The Elements+10 jurors in the Sala Sordi got to watch the film in competition THE LULUS directed by director Yann Samuell.
The Elements+10 jurors in the Sala Sordi got to watch the film in competition THE LULUS directed by director Yann Samuell. Set in the north of France, in August 1914, four boys are left to their own devices after being evacuated from their orphanage. The term Lulus comes from the initials of their names: Lucien, Lucas, Luigi and Ludwig. Stranded, due to the absence of an adult figure who can protect them, the Lulus find themselves stuck behind the enemy front line. In this adventure, which could end in tragedy at any moment, they are joined by Luce, a girl separated from her parents. Together, to avoid staying there, they decide to head for neutral Switzerland, by whatever means necessary.
While for them it seems clear what to do, what isn’t is how to put the idea into practice, logistically speaking. For them it will be much more of an adventure, as they had originally imagined. What they will not be prepared for, however, turns out to be the group of enemies, who instead will support them in getting safely to Switzerland. Among the group that helps the Lulus, there is Hans, the kind-hearted German deserter, Louison, known as the village witch, Gaston, the clog maker with a harsh character and finally, Moussa, a Senegalese rifleman.

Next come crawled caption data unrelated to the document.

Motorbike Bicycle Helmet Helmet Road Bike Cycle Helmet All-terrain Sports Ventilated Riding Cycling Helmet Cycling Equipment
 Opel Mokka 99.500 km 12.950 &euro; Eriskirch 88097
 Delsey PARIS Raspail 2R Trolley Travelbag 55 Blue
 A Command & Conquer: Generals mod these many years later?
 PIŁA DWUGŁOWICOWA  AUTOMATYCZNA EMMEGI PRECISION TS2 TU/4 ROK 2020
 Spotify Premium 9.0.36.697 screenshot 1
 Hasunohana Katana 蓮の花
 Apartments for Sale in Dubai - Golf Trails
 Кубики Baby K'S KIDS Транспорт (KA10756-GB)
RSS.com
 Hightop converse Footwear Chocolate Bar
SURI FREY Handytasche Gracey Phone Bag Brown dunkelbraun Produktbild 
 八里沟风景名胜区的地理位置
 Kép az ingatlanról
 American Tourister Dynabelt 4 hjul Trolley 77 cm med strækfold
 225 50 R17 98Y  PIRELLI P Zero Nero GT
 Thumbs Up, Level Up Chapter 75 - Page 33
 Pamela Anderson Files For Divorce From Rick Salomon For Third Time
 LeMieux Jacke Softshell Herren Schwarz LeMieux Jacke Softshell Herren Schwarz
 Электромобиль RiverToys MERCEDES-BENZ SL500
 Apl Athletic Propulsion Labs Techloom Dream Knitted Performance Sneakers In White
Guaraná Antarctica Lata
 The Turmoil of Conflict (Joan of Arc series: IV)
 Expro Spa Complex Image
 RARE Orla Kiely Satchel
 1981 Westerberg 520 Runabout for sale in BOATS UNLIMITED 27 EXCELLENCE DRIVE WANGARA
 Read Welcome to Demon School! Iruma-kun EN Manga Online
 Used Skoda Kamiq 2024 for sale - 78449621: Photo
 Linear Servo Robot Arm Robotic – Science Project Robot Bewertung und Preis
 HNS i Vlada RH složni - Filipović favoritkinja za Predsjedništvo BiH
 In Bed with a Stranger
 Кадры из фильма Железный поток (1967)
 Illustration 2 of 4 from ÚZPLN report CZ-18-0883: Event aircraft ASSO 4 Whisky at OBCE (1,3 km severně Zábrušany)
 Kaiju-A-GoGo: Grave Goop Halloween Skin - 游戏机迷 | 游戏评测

Director Yann Samuell portrayed a story on the big screen that is partly based on the film The Night of the Hunter by Charles Laughton. A very touching anecdote, shared by the filmmaker while he was working on the screenplay for this feature film, involves the finding of a photo. The snap showed a child sleeping on a tank during the Liberation of Paris in August 1944, and sure enough, that child was his father, who had also recently passed away. The strongest feature that emerges from this film is the paradox that arises as the story progresses. A group of orphans, who have had everything taken away from them, such as their parents’ affection and material possessions, are forced to grow up earlier than expected, in order to earn a life that can make them into young women and young men, like so many others. In a war fought with bombs and bullets, no one emerges the winner. In this film, however, it is The Lulus who emerge as little heroes, fighting for their future, through and through.